One had known the place for years as a picturesque old house, standing
in a peaceful park; had watched the growth of certain young oaks along a
new-laid avenue, and applauded the owner’s enterprise in turning a
stretch of pasture to plough. There are scores of such estates in
England which the motorist, through passing so often, comes to look upon
almost as his own. In a single day the brackened turf between the oaks
and the iron road-fence blossomed into tents, and the drives were all
cut up with hoofs and wheels. A little later, one’s car sweeping home of
warm September nights was stopped by sentries, who asked her name and
business; for the owner of that retired house and discreetly wooded park
had gone elsewhere in haste, and his estate was taken over by the
military.

Later still, one met men and horses arguing with each other for miles
about that countryside; or the car would be flung on her brakes by
artillery issuing from cross-lanes—clean batteries jingling off to their
work on the Downs, and hungry ones coming back to meals. Every day
brought the men and the horses and the weights behind them to a better
understanding, till in a little while the car could pass a quarter of a
mile of them without having to hoot more than once.
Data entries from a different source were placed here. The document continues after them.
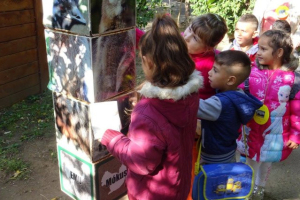 Beszámoló a Vécsi Kisvakond Óvoda pályázati programjáról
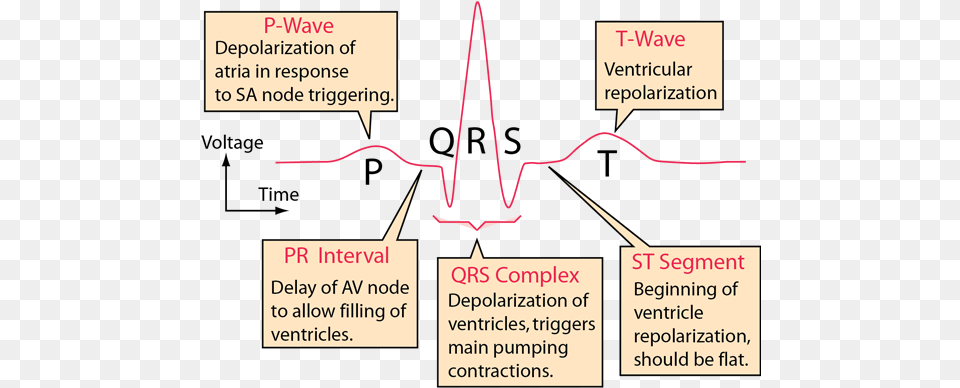 Electrocardiograms Sa Node On Ecg, Chart, Plot Free Png Download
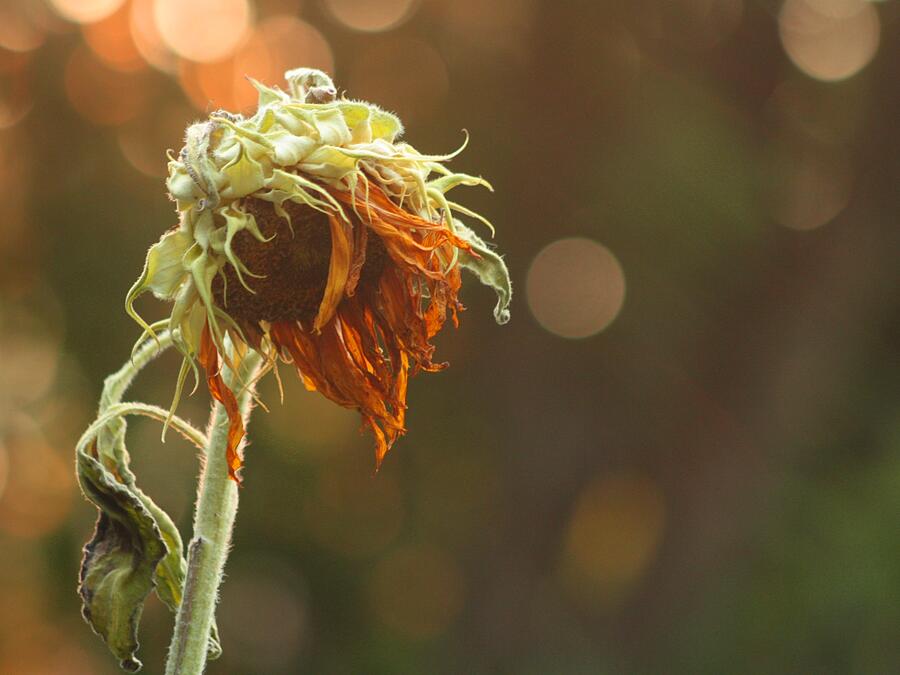 Two Toned Old Flower Photograph by Gothicrow - Fine Art America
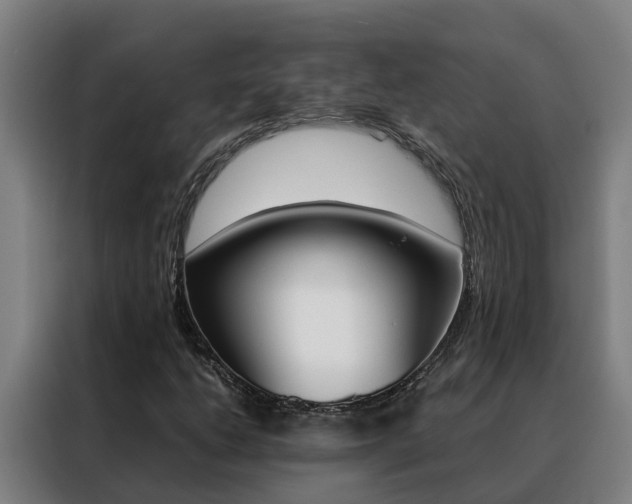 X0000088481206200705220954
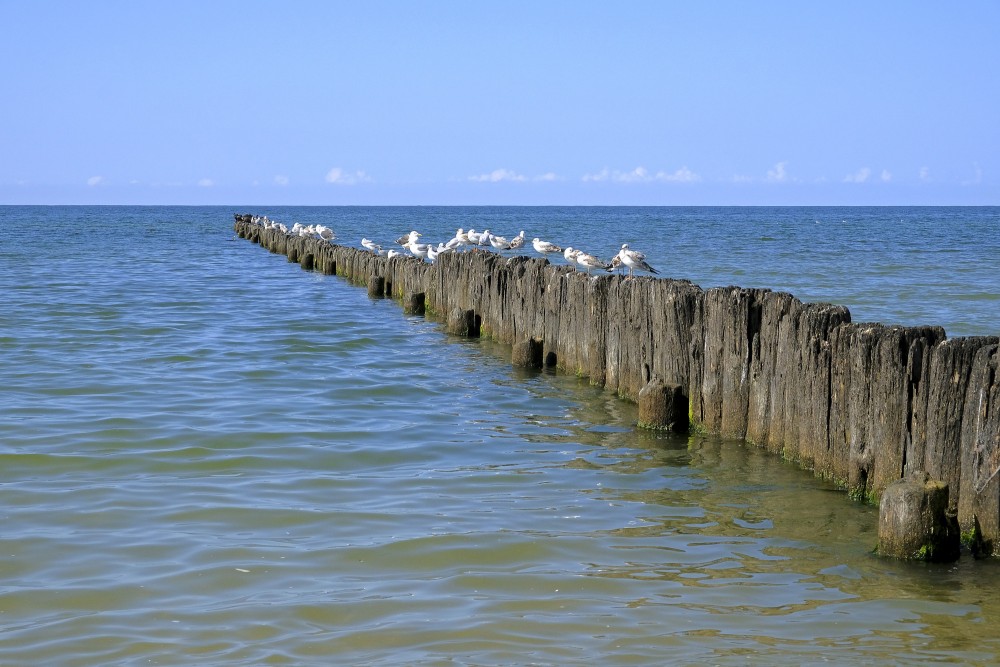 Putni uz Nidas koka mola mierīgā jūrā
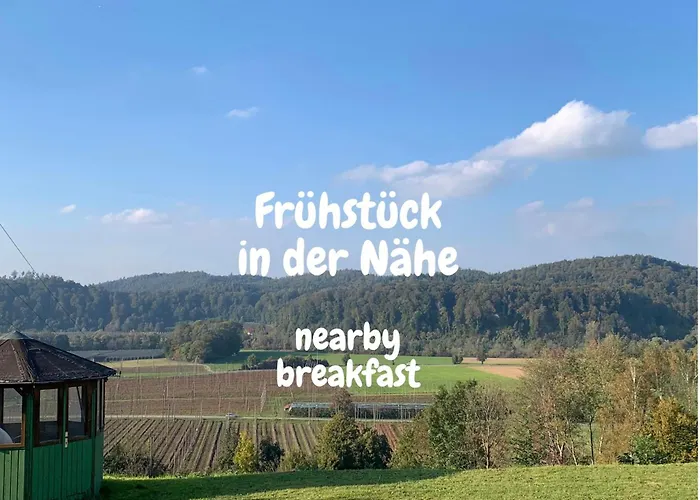 Einzigartiger Panoramablick, Bodensee Und Messe In Der Naehe * Тетнанг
‘Why are you so virtuous?’ she asked of a section encountered at a blind
and brambly corner. ‘Why do you obtrude your personality less than an
average tax-cart?’

‘Because,’ said a driver, his arm flung up to keep the untrimmed hedge
from sweeping his cap off, ‘because those are our blessed orders. We
don’t do it for love.’

No one accuses the Gunner of maudlin affection for anything except his
beasts and his weapons. He hasn’t the time. He serves at least three
jealous gods—his horse and all its saddlery and harness; his gun, whose
least detail of efficiency is more important than men’s lives; and, when
these have been attended to, the never-ending mystery of his art
commands him.

It was a wettish, windy day when I visited the so-long-known house and
park. Cock pheasants ducked in and out of trim rhododendron clumps, neat
gates opened into sacredly preserved vegetable gardens, the
many-coloured leaves of specimen trees pasted themselves stickily
against sodden tent walls, and there was a mixture of circus smells from
the horse-lines and the faint, civilised breath of chrysanthemums in the
potting sheds. The main drive was being relaid with a foot of flint; the
other approaches were churned and pitted under the gun wheels and heavy
supply wagons. Great breadths of what had been well-kept turf between
unbrowsed trees were blanks of slippery brown wetness, dotted with
picketed horses and field-kitchens. It was a crazy mixture of stark
necessity and manicured luxury, all cheek by jowl, in the
undiscriminating rain.


                           SERVICE CONDITIONS

The cook-houses, store-rooms, forges, and workshops were collections of
tilts, poles, rick-cloths, and odd lumber, beavered together as on
service. The officers’ mess was a thin, soaked marquee.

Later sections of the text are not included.